Document Chunking for RAG (Recursive, Semantic, Sentence-level)
Chunking is breaking documents into fragments for indexing in a vector database. The size and boundaries of chunks critically affect RAG quality: fragments that are too small lose context, those that are too large reduce search accuracy and exceed the model's context window.
Chunking Strategies
Fixed-size chunking — the simplest, the worst:
def fixed_size_chunk(text: str, chunk_size: int = 500,
overlap: int = 50) -> list[str]:
tokens = text.split() # Simplified
chunks = []
for i in range(0, len(tokens), chunk_size - overlap):
chunk = ' '.join(tokens[i:i + chunk_size])
chunks.append(chunk)
return chunks
Problem: cuts sentences and paragraphs in the middle.
Recursive character text splitter (LangChain) — splits by hierarchy of delimiters:
from langchain.text_splitter import RecursiveCharacterTextSplitter
splitter = RecursiveCharacterTextSplitter(
chunk_size=1000, # ~250 words
chunk_overlap=200, # 50-word overlap
separators=[
"\n\n", # Paragraphs (priority)
"\n", # Lines
". ", # Sentences
", ", # Parts of sentences
" ", # Words (last resort)
"" # Characters
]
)
chunks = splitter.create_documents(
texts=[document_text],
metadatas=[{"source": "document.pdf", "page": 1}]
)
Semantic chunking — splitting by semantic boundaries:
from sentence_transformers import SentenceTransformer
import numpy as np
class SemanticChunker:
def __init__(self, model_name: str = 'all-MiniLM-L6-v2',
threshold: float = 0.7):
self.model = SentenceTransformer(model_name)

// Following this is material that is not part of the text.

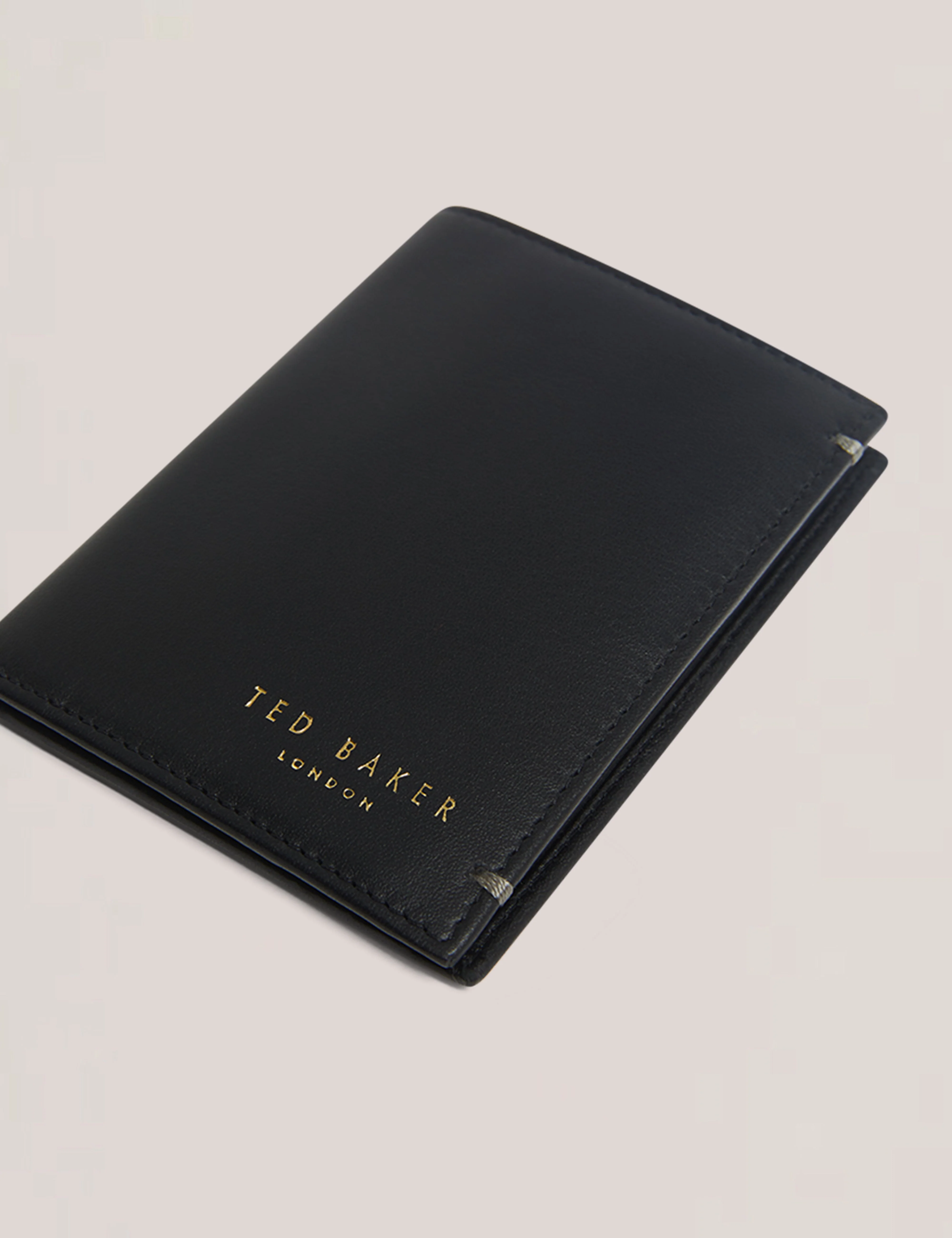 Zackory Leather Cardholder Black - Image 2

self.threshold = threshold
def chunk(self, text: str) -> list[str]:
# Split into sentences
sentences = self._split_into_sentences(text)
if len(sentences) < 2:
return [text]
# Sentence embeddings
embeddings = self.model.encode(sentences)
# Finding semantic breaks
chunks = []
current_chunk = [sentences[0]]
for i in range(1, len(sentences)):
# Cosine similarity of adjacent sentences
sim = np.dot(embeddings[i], embeddings[i-1]) / (
np.linalg.norm(embeddings[i]) * np.linalg.norm(embeddings[i-1])
)
if sim < self.threshold:
# Semantic break — create new chunk
chunks.append(' '.join(current_chunk))
current_chunk = []
current_chunk.append(sentences[i])
if current_chunk:
chunks.append(' '.join(current_chunk))
# Merge too small chunks
return self._merge_small_chunks(chunks, min_words=50)
Document structure-aware chunking — preserving document hierarchy:
class StructureAwareChunker:
def chunk_markdown(self, text: str, max_chunk_tokens: int = 300) -> list[dict]:
"""Splitting while respecting Markdown headers"""

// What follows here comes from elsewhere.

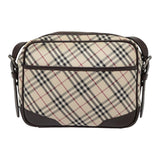 Burberry Nova Check Beige Canvas Shoulder Bag ( )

sections = re.split(r'\n(#{1,3}\s+.+)', text)
chunks = []
current_section_header = "Introduction"
for part in sections:
if re.match(r'#{1,3}\s+', part):
current_section_header = part.strip()
else:
# Split section into sub-chunks if large
sub_chunks = self._split_section(part, max_chunk_tokens)

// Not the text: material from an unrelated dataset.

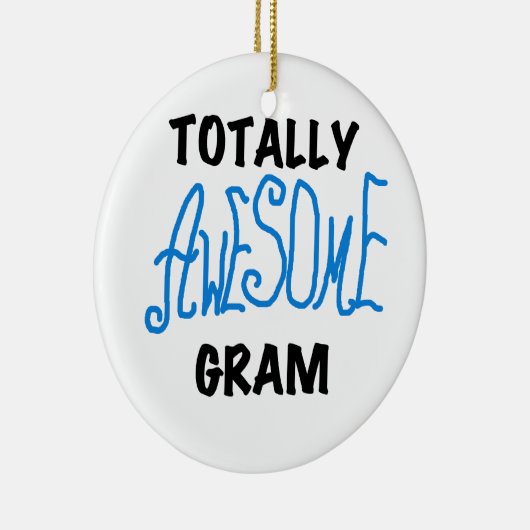 全く素晴らしいグラムの青いTシャツおよびギフト セラミックオーナメント (右)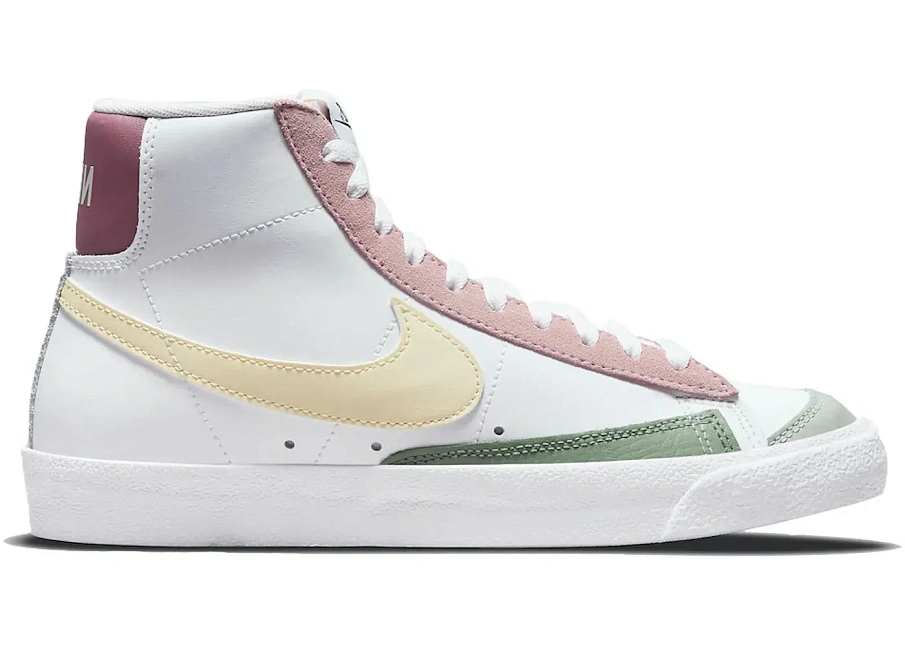 Фото № 1 с приближением к товару «‎Nike Blazer Mid 77 White Pink Green Yellow »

for sub_chunk in sub_chunks:
if sub_chunk.strip():
chunks.append({
'text': sub_chunk,
'section': current_section_header,
# Breadcrumb for attribution
'breadcrumb': current_section_header
})
return chunks
Optimal Chunking Parameters by Content Type
| Document Type | Strategy | Chunk size | Overlap |
|---|---|---|---|
| Technical documentation | Structural | 500-1000 | 100-200 |
| Scientific papers | Semantic | 800-1500 | 150-300 |
| FAQ / Q&A | By questions | 100-300 | 0 |
| Code | By functions | Variable | 0 |
| News/blogs | Recursive | 400-800 | 80-150 |
| Chats | By sessions | 300-700 | 50 |
Chunk Metadata and Parent-Child Indexing
Small-to-big retrieval — index small chunks for accurate search, but pass large parent chunks to context:
class ParentChildIndexer:
def index(self, document: str) -> list[dict]:
# Parent chunks (large, for context)
parent_splitter = RecursiveCharacterTextSplitter(
chunk_size=2000, chunk_overlap=200
)
parents = parent_splitter.split_text(document)
all_chunks = []
for p_idx, parent in enumerate(parents):
# Child chunks (small, for search)
child_splitter = RecursiveCharacterTextSplitter(
chunk_size=300, chunk_overlap=50
)
children = child_splitter.split_text(parent)
for child in children:
all_chunks.append({
'child_text': child, # For embedding and search
'parent_text': parent, # For passing to LLM
'parent_idx': p_idx
})
return all_chunks
Correct choice of chunking strategy improves relevance retrieval by 15-30% compared to naive fixed-size approach.